Far better for homebirth advocates, though, to portray this as a turf issue rather than a competence issue:

… [R]emedying feuds like the one Kennedy said influenced the Goodwins’ decision-making is growing more important, said Oregon State University professor Melissa Cheyney, a medical anthropologist and certified midwife.

Midwives often feel disrespected by the medical establishment, Cheyney said, while doctors’ objections to out-of-hospital births may harden with every traumatic transport.

This comes on top of the already-existing divide between the two views of childbirth, with midwives emphasizing the safety of natural births in a familiar, comfortable setting, while the American Medical Association contends women are best off in a hospital, where life-saving technology is nearby if something goes awry.

“You’re having this compulsory interaction between two value systems,” Cheyney said. “A transport means these two systems have to come together — and work together.”

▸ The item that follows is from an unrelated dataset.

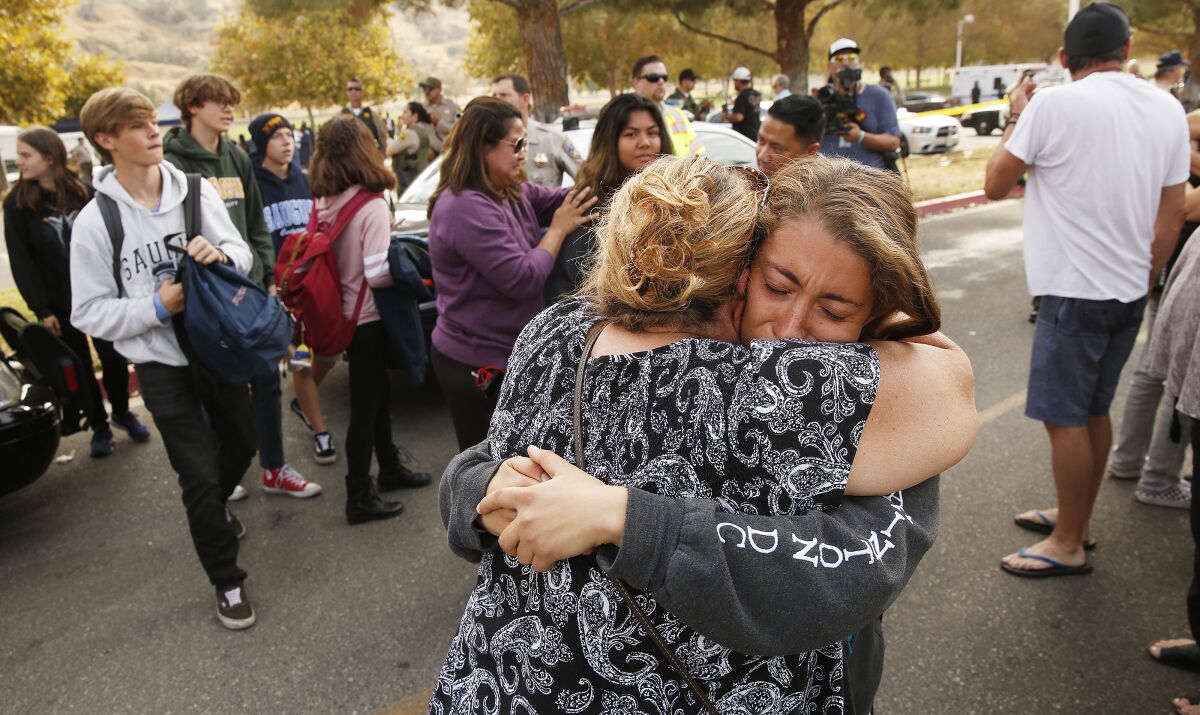 Students and family members leave Central Park in Santa Clarita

Midwives feel disrespected by the medical establishment? They ARE disrespected by the medical establishment, but not because of their philosophy. They are unworthy of professional respect because they lack the education and training of ALL other midwives in the industrialized world.

As I have repeatedly pointed out, CPMs are not real midwives. They awarded themselves a pretend “credential” to disguise from lay people and legislators the fact that they have less education and training than midwives in Europe, Canada and Australia. The CPM is not recognized and is not eligible for licensure in the UK, the Netherlands, Australia. It used to be accepted in Canada, but they have abolished the CPM on the grounds that it fails to meet minimal standards for midwifery training, which include a college level degree.

The results of homebirth midwifery practice in Idaho (as well as every other state that has collected statistics) have been tragic:

Objective measures of Idaho’s midwife-doctor relationships — and their impacts on babies — are difficult to come by, because the state doesn’t keep comprehensive records of the outcomes of midwife-assisted births requiring hospital transports.

A private effort, the Idaho Perinatal Project run by St. Luke’s, documented 138 instances between 2005 and 2011 where mothers who planned a home birth were transported to a hospital.

Though its records are also incomplete — reporting is voluntary; there are no reports for 2012 — they do point to the trauma that accompanies a planned out-of-hospital birth where something goes wrong. There were at least nine cases where infants died at or before arriving at the hospital and several instances of birth asphyxia, fractures, post-partum hemorrhage and unexpected twins. (my emphasis)

These families have experienced unimaginable anguish because CPMs care more about being able to practice and make money than they care about whether babies live or die. Hopefully, these deaths will lead to stricter standards.

In my judgment, the biggest mistakes that homebirth midwives have made are the attempt to popularize homebirth and to license CPMs. Bereaved parents now have a mechanism to file complaints and states are now totting up the extraordinary number of deaths at the hands of CPMs. State governments will be forced to respond by regulating these self proclaimed “midwives” out of existence.